Thanksgiving is next week, which means we’re stepping into the start of the holiday season here in the U.S. And if you grew up with an alcoholic parent or in a chaotic home, this time of year can stir up a lot—pressure, old wounds, emotional landmines, and expectations you never agreed to.
If you’re already feeling that, you’re not alone. I’ve lived this, too.
The holiday season used to break me
For years, holidays felt like walking straight back into childhood. It was not in a sweet nostalgic way, but in a way that tightened my chest.
National Lampoons Christmas Vacation GIF by HBO Max
A big part of it was the family dynamics I never had the power to shape. As an adult hosting gatherings in my own home, my mother still dictated everything — what time events would start, what I would serve, even no turkey because she didn’t like it. It didn’t matter what worked for me as the host. I automatically slipped back into the role of accommodating her to "keep the peace."
But the deeper stress came from the history I carried into every holiday season.
Growing up, I took on obligations that were never mine:
Representing my family at extended-family holiday events because my parents couldn’t or wouldn’t attend due to Mom’s drinking and the related fallout
Trying to make the holidays “normal” for my sister
Managing crises
Carrying the emotional load for adults
Trying to hide or compensate when my mom was drunk on the holidays
Scrambling to keep things together so the holidays weren’t completely ruined (even though they often still were)

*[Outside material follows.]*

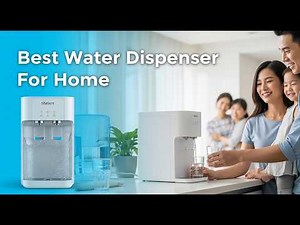 TOP 5 Best Water Dispenser For Home | Water Dispensers for Home in 2026
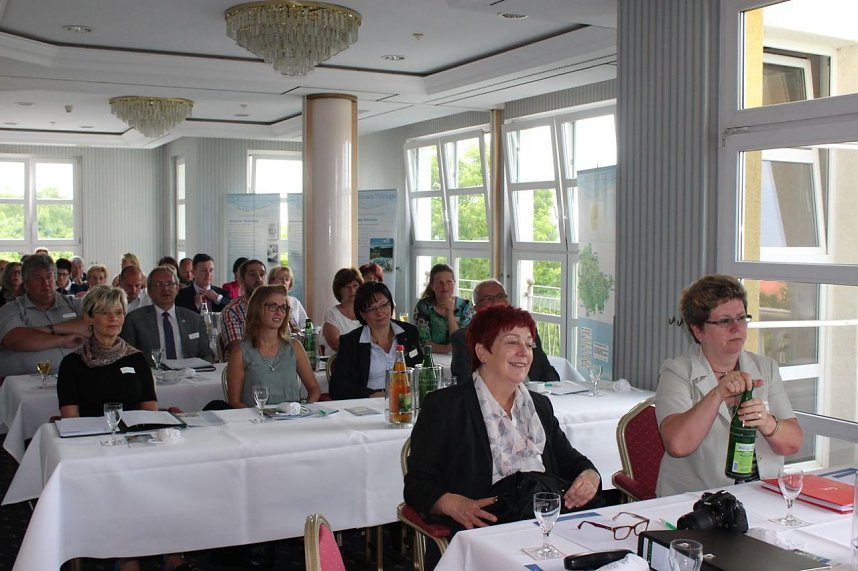 Hilfen f&uuml;r klamme Heilb&auml;derkommunen?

I dreaded the holidays because they were a minefield of painful memories: ruined Christmas Eve and Day, the smell of alcohol, fights, disappointment, pretending everything was okay, and being the responsible one long before I should’ve had to be.
Even as an adult with my own home, my nervous system still remembered all of that. It’s no wonder the holidays felt overwhelming.
And then one day, it truly landed for me:
I’m the adult now. This is my life. I get to choose what the holidays look like.
And then I began creating new traditions with my sister and husband.
This was one of the biggest turning points in my healing.
Once I stopped recreating the old patterns and let go of the obligations I inherited as a child, my husband and I started building our own holiday traditions — peaceful, healthy, simple ones.
We asked ourselves:
What makes this season feel joyful for us?
What do we want our home to feel like?
What traditions actually support our wellbeing?
Little by little, those new choices replaced the dread.
And now? I have years of beautiful, peaceful holiday memories — ones I never thought were possible.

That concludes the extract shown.